Entre las muchas alusiones de aquella visión del apocalipsis basada en un relato de Conrad, que ya había querido adaptar Orson Welles, el Coppola genial quiso hacer hincapié en la del papel jugado por la prensa en aquel conflicto, y de ahí que sea él mismo el intérprete del realizador de televisión. Y la prensa vuelve a jugar un papel preponderante en esta Megalópolis, llegada en estos días a la cartelera.
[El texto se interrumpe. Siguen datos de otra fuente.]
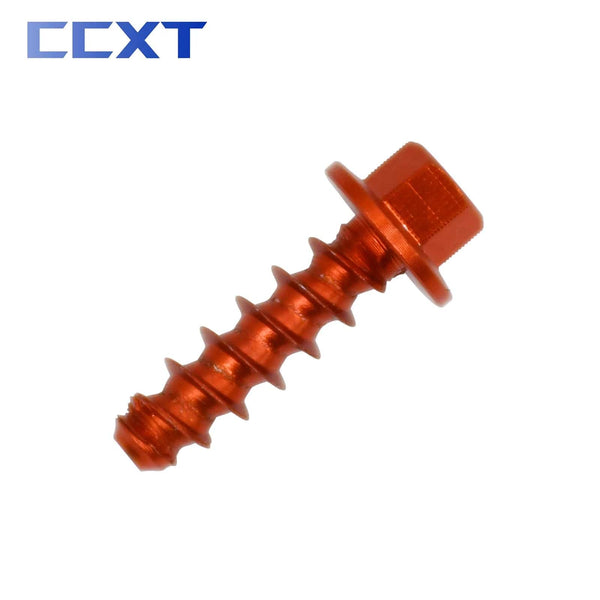 Planet Gates 10Pcs CNC Motorcycle Self Tapping Screw Bolt Kit For KTM SX SXF XC XCW XCF EXC EXCF 125-530 2004-2021 2022 2023 Universal Parts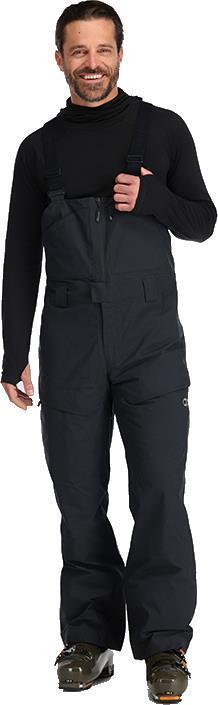 Snowcrew Bibs, Short - Mens - Black 2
Pero la prensa ha ido contra el filme sin contemplaciones, y se ha dicho que una filmografía como la suya no merece acabar así.
Hace medio siglo, cuando Coppola era grande entre los grandes del nuevo cine de su país, yo era un adolescente, mal estudiante de latín, mal traductor de ese mismo Cicerón que el cineasta adapta ahora, en este infausto tiempo que hay tantos Catilina abusando impunemente de la paciencia del senado, del pueblo y de cuanto sea menester. Que un Coppola ya viudo —perdió a su querida Eleanor la primavera pasada— apunte en esa dirección y construya toda una metáfora sobre la perversión de los gobernantes ya me parece algo digno de encomio. Mucho más que la adulación a cineastas impostados hasta la médula, porque también es menester. Megalópolis podrá ser todo lo fallida que la crítica quiera, pero si hubiera que poner un epílogo a la filmografía de Coppola yo parafrasearía aquel lamento de tantos marginados, perdedores y perdidos: “Luchó contra la ley —lo establecido, la comercialidad del Hollywood del adocenamiento y los efectos especiales— y la ley le ganó”.
La juventud estadounidense que luchó en Vietnam no escuchaba a The Doors, escuchaba a Creedence Clearwater Revival.